_What the task asks_: Find the line containing "22mm For Xiaomi" in the listing below. Repeat it exactly, along with each following line up to and including the one containing "Buffet warmer rotonda".
##### Data under study #####
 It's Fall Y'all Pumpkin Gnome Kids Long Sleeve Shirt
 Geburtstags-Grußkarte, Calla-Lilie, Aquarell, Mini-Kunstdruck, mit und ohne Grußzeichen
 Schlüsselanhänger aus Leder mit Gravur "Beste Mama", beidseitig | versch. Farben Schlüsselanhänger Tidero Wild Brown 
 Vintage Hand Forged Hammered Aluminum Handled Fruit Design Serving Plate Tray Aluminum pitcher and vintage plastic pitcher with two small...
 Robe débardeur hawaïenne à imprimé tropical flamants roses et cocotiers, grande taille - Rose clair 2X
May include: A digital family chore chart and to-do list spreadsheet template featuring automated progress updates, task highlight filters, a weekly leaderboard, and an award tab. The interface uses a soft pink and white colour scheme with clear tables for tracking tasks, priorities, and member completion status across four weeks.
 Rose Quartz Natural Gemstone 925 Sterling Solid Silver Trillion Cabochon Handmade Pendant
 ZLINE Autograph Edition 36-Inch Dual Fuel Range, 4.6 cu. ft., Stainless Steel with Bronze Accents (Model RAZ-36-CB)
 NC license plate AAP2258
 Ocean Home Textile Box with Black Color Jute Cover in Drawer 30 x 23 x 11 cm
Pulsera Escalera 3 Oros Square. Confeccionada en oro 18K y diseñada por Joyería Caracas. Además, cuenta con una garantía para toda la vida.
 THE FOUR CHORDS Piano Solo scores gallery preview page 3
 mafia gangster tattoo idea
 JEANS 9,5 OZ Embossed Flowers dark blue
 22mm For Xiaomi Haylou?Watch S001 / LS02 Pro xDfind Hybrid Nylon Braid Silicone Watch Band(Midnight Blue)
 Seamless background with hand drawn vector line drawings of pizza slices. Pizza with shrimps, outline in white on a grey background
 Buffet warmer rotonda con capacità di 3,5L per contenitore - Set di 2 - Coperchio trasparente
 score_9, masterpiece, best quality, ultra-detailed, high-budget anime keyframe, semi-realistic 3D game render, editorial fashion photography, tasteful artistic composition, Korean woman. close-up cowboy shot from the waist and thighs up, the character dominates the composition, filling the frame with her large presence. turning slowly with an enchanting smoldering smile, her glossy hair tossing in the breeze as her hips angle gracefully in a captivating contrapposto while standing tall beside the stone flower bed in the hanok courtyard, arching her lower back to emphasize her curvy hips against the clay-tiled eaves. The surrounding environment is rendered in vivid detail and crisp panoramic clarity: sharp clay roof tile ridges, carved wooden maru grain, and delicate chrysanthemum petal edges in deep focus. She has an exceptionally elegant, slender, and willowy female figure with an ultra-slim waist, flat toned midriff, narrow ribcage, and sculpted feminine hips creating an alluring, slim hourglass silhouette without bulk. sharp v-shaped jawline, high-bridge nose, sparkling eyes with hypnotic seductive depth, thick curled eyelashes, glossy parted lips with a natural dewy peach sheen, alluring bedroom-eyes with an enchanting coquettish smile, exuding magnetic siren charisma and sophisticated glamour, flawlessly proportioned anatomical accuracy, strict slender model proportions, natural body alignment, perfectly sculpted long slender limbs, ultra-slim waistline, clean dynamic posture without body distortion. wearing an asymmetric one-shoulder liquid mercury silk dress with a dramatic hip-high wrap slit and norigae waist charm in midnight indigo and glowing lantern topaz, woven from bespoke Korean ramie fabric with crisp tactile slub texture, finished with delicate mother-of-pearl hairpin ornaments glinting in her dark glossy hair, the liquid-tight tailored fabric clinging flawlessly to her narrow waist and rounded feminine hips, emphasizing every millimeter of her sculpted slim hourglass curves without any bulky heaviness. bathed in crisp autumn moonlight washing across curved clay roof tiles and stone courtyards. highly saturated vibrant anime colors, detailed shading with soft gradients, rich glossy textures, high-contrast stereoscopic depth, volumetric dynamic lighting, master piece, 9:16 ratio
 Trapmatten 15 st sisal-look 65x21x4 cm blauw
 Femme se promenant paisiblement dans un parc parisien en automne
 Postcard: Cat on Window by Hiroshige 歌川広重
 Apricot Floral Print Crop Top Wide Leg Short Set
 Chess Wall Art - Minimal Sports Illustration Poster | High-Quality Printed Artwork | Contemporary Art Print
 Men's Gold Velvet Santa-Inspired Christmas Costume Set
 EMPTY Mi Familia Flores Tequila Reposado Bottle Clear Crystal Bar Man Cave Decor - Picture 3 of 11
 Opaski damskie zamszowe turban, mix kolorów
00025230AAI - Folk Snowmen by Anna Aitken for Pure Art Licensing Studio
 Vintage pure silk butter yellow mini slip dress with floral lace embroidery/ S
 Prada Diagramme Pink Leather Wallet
#####
_Answer_:
 22mm For Xiaomi Haylou?Watch S001 / LS02 Pro xDfind Hybrid Nylon Braid Silicone Watch Band(Midnight Blue)
 Seamless background with hand drawn vector line drawings of pizza slices. Pizza with shrimps, outline in white on a grey background
 Buffet warmer rotonda con capacità di 3,5L per contenitore - Set di 2 - Coperchio trasparente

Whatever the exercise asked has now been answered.